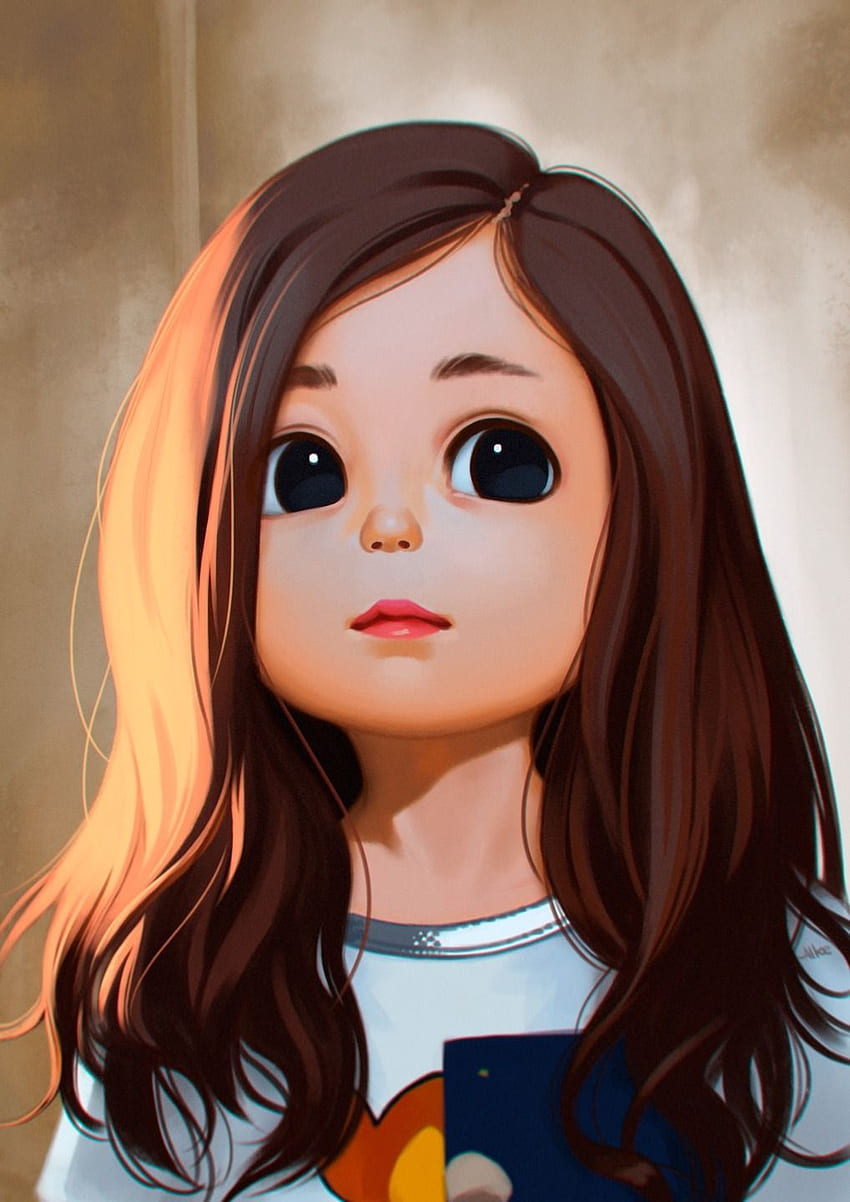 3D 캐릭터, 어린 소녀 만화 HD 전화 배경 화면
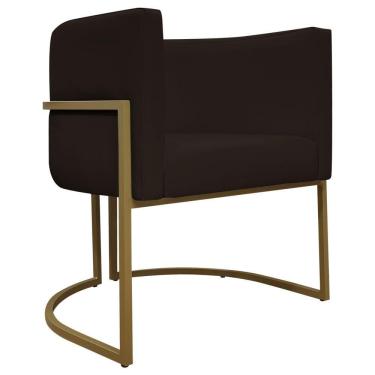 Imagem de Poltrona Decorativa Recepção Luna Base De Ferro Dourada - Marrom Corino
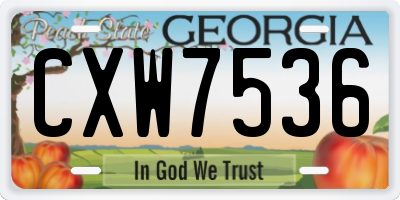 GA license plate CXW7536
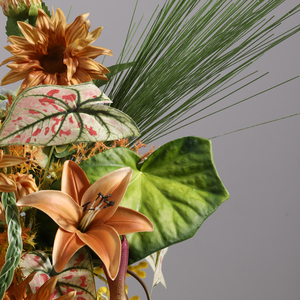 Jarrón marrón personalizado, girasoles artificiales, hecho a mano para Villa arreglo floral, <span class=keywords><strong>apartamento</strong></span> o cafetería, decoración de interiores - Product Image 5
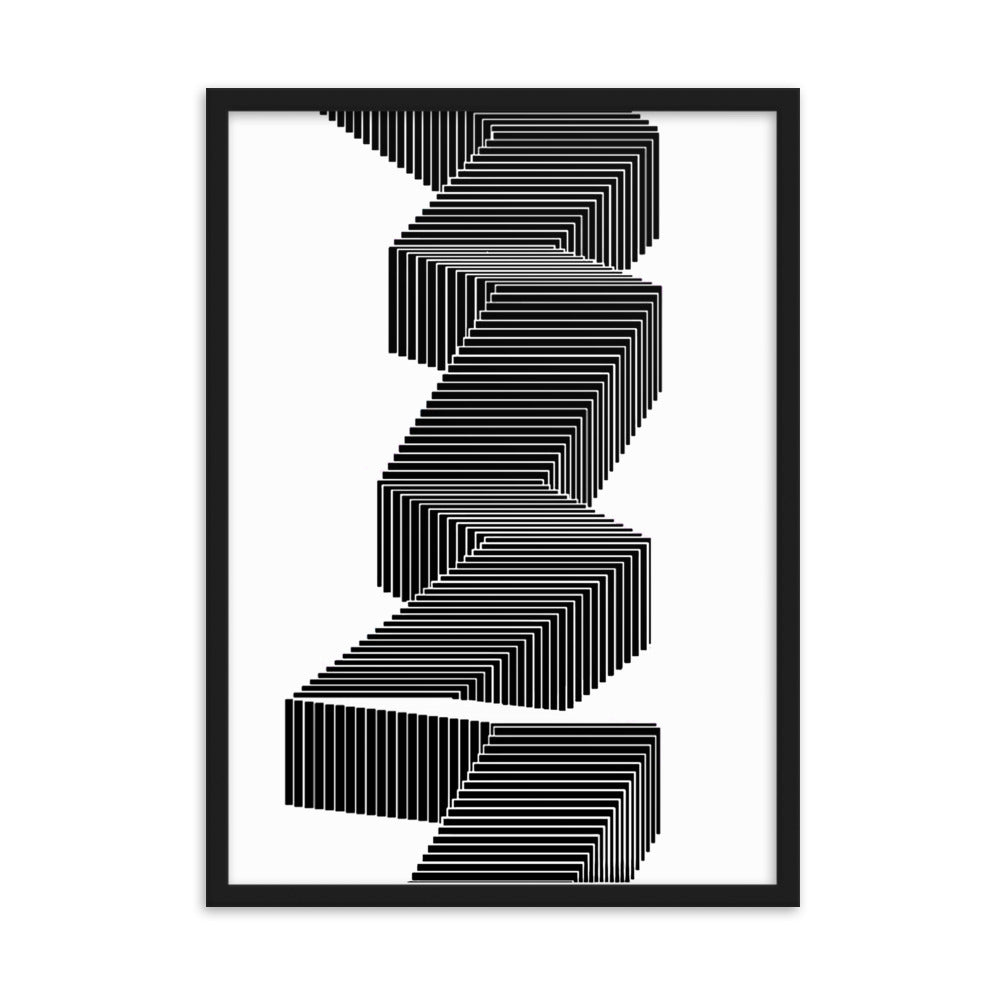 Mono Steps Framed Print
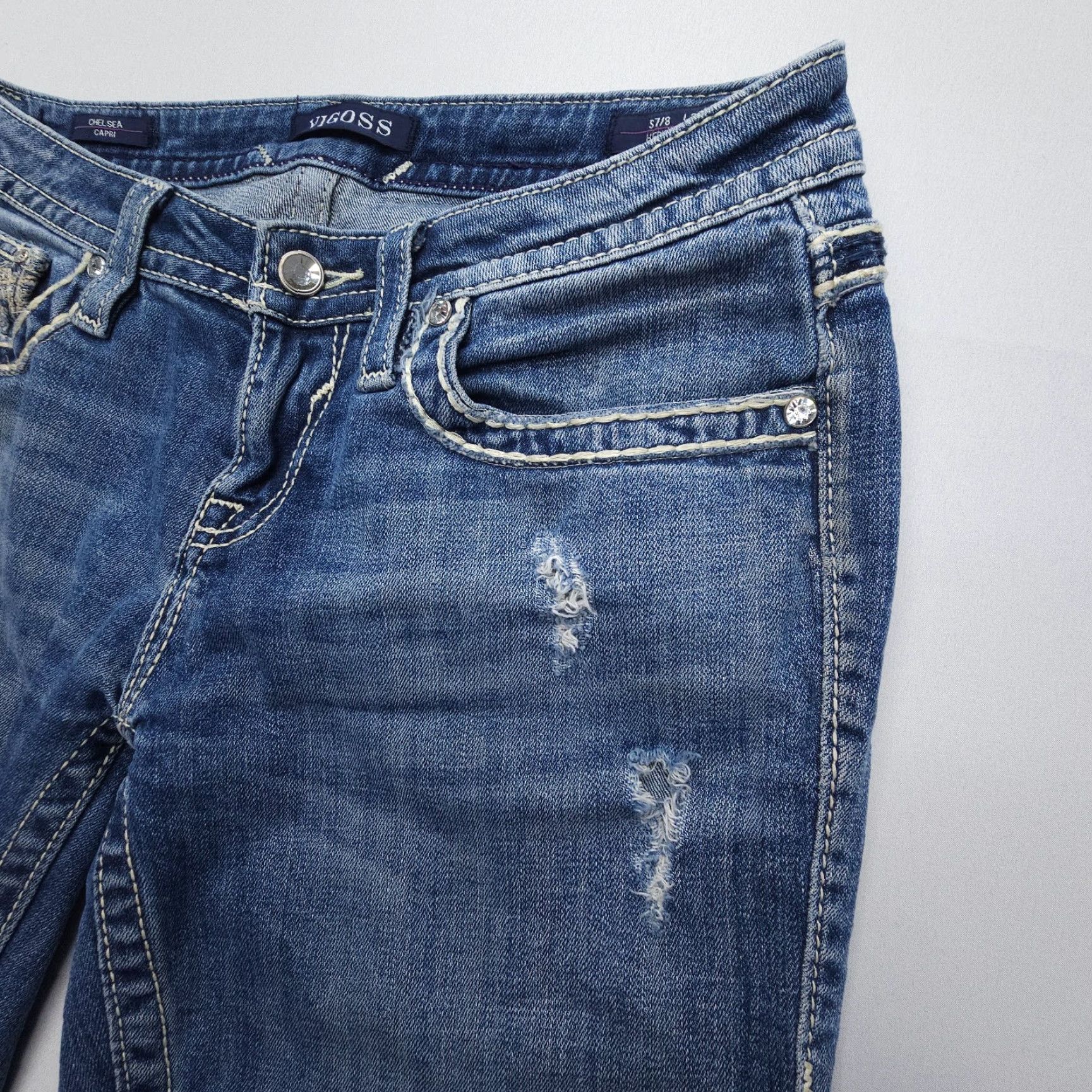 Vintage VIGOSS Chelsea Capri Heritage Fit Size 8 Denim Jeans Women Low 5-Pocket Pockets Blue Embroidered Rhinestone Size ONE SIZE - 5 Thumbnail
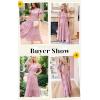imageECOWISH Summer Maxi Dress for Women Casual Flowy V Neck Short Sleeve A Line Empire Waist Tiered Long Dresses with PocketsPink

#####

**Your assignment:** Retype the records above word for word, from their first line through the line containing "Mono Steps Framed Print", and leave out every picture.

**Task output:**
 3D 캐릭터, 어린 소녀 만화 HD 전화 배경 화면
 Imagem de Poltrona Decorativa Recepção Luna Base De Ferro Dourada - Marrom Corino
 GA license plate CXW7536
 Jarrón marrón personalizado, girasoles artificiales, hecho a mano para Villa arreglo floral, <span class=keywords><strong>apartamento</strong></span> o cafetería, decoración de interiores - Product Image 5
 Mono Steps Framed Print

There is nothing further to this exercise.